NASA’s troubles did not end there. Not only were cost estimates off in the beginning, but they rose in unpredictable ways. Inflation had its effect. The true launching cost turned out to be 20 times greater than the original estimate. There was also a thrust shortfall that restricted the payload, so each launch would bring in less income than initially predicted. NASA’s hope that businesses would pay them to bring satellites into space was crushed when the European space agency organized Arianespace—a commercial satellite launch consortium—which successfully began competing with NASA. NASA lost business, and yet again, the cost rose.


The Challenger mission ‘STS-51-L’ was originally scheduled for January 22, 1986. It was one of the most exciting missions to date of the program. Dubbed the ‘teacher in space’ mission, hundreds of schoolchildren were excited to watch Christa McAuliffe, the payload specialist, teach elementary school children from space.

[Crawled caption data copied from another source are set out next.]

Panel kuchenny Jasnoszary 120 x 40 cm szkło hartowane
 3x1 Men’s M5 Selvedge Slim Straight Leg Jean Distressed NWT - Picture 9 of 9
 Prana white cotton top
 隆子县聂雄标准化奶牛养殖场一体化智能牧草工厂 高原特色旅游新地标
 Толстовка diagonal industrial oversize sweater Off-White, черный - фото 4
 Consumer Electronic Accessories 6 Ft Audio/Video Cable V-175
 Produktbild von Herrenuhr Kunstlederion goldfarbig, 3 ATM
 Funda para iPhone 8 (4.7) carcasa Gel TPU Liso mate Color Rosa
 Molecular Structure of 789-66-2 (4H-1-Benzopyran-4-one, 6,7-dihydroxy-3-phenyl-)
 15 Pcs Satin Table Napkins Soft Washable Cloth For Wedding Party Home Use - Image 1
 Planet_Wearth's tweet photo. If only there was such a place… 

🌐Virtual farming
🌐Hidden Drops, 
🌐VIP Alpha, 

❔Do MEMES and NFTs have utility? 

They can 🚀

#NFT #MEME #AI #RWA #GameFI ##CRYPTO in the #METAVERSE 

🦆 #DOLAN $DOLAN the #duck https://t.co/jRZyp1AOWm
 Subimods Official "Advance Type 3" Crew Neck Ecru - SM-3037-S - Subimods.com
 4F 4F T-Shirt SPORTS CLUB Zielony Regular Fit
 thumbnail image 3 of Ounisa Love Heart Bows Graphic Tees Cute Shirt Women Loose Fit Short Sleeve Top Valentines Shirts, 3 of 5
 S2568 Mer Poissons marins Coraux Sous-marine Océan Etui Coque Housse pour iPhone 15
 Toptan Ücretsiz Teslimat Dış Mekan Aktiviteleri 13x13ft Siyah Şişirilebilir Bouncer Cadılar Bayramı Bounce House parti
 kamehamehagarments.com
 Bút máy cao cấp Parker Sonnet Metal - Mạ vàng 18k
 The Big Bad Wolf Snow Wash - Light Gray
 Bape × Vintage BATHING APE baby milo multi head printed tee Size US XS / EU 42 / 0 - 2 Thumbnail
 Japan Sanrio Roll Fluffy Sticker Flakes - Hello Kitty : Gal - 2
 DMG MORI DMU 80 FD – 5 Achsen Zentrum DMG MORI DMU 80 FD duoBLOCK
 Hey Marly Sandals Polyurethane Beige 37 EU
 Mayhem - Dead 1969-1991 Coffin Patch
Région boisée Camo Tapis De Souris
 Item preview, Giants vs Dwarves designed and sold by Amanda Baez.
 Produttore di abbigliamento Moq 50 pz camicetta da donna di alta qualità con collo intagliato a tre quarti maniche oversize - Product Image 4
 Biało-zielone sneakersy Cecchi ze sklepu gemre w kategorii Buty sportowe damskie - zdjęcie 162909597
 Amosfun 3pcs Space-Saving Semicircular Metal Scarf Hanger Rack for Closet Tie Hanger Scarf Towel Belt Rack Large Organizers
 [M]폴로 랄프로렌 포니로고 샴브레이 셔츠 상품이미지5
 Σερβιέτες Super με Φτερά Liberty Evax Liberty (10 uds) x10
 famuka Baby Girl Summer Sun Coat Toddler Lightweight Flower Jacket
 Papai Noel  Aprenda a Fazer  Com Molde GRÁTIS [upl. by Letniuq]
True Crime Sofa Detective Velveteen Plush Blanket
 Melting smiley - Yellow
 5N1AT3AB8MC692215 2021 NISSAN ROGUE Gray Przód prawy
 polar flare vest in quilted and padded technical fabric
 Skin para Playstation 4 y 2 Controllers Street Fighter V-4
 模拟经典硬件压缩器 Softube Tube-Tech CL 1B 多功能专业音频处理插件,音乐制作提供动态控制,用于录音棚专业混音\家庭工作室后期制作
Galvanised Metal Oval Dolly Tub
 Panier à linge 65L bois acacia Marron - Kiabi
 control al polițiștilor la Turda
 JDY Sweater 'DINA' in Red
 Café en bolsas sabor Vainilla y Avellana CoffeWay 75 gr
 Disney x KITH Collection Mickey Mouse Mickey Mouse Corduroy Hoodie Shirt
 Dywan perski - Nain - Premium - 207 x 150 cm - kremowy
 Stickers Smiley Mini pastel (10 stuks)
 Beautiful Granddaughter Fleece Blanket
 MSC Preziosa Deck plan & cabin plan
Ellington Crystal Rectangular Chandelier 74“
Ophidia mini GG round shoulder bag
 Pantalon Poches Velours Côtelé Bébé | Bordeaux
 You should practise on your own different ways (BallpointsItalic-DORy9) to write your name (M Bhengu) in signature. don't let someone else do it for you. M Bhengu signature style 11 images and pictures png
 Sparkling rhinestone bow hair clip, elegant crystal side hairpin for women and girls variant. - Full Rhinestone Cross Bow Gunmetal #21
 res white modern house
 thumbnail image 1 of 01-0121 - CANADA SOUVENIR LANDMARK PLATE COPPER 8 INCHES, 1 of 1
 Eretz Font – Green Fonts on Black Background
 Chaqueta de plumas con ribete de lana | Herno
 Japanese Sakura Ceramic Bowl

Despite the mounting anticipation, there were already obstacles in the way. The previous Columbia launch had to be delayed, leading to the postponement of the Challenger mission seven times over a 25-day period until January 28. This meant that NASA was already reluctant to delay the launch any further. But, worse, at 1:00 pm on January 27, NASA personnel at Cape Canaveral became concerned about the cold temperatures at the launch pad. Temperatures were predicted to be around -5ºC in the early hours of launch day. Engineers were hastily told to investigate any problems that this may cause.


What was found was that the cold may affect the resilience of O-rings used in the solid rocket boosters to create seals. But the O-rings had never been tested in temperatures as cold as the ones that were predicted for January 28, so they couldn’t know for sure. There was also ice on the launch pad, causing concern that the acoustics at ignition would create ice debris that would ricochet, possibly hitting the Orbiter, but again, with no clear evidence, they went ahead with the mission.


At 11:38 am the following morning, Challenger lifted off the earth. As the shuttle ascended, one of the seals on a booster rocket opened enough to allow a plume of exhaust to leak out. Hot gases bathed the hull of the cold external tank full of liquid oxygen and hydrogen until the tank ruptured. Challenger was lost 73 seconds after take-off as a fireball erupted and the shuttle disappeared into a huge cloud of smoke.


The ensuing investigation, called the Rogers Commission Report, discovered that the cold did affect O-ring resilience, as the engineers had correctly predicted. The O-rings held the sections of the side booster together. The cold caused the rings to harden to such an extent that they would not be able to seal the joints against the hot gases created at ignition––increasing the amount of erosion. If both the primary and secondary O-rings of a section failed, it would lead to hot exhaust gas shooting out the side of the Solid Rocket Booster, which would lead to catastrophe.

NASA engineers had actually known about the O-ring problems long in advance. On numerous flights before Challenger, especially those during cold temperatures, the primary O-ring had failed and allowed propellant to blow by. But, the secondary O-ring had prevented the propellant from escaping the booster. After they first noticed this, they tested the O-rings and believed they understood what had happened. However, the engineers noticed it kept on happening. Rather than stalling the program to redesign the joint, NASA waived the requirements governing O-ring safety, accepting the risk of this known anomaly.


The disaster resulted in a 32-month hiatus in the Space Shuttle program and, ultimately, the failure of the program. When it resumed, NASA’s ‘go-fever’ had long since disappeared. The space shuttle lives on in our memory as the most complicated flying machine to ever grace our skies, but also a symbol of our desire to reach the stars, often eclipsing the safety of the astronauts themselves.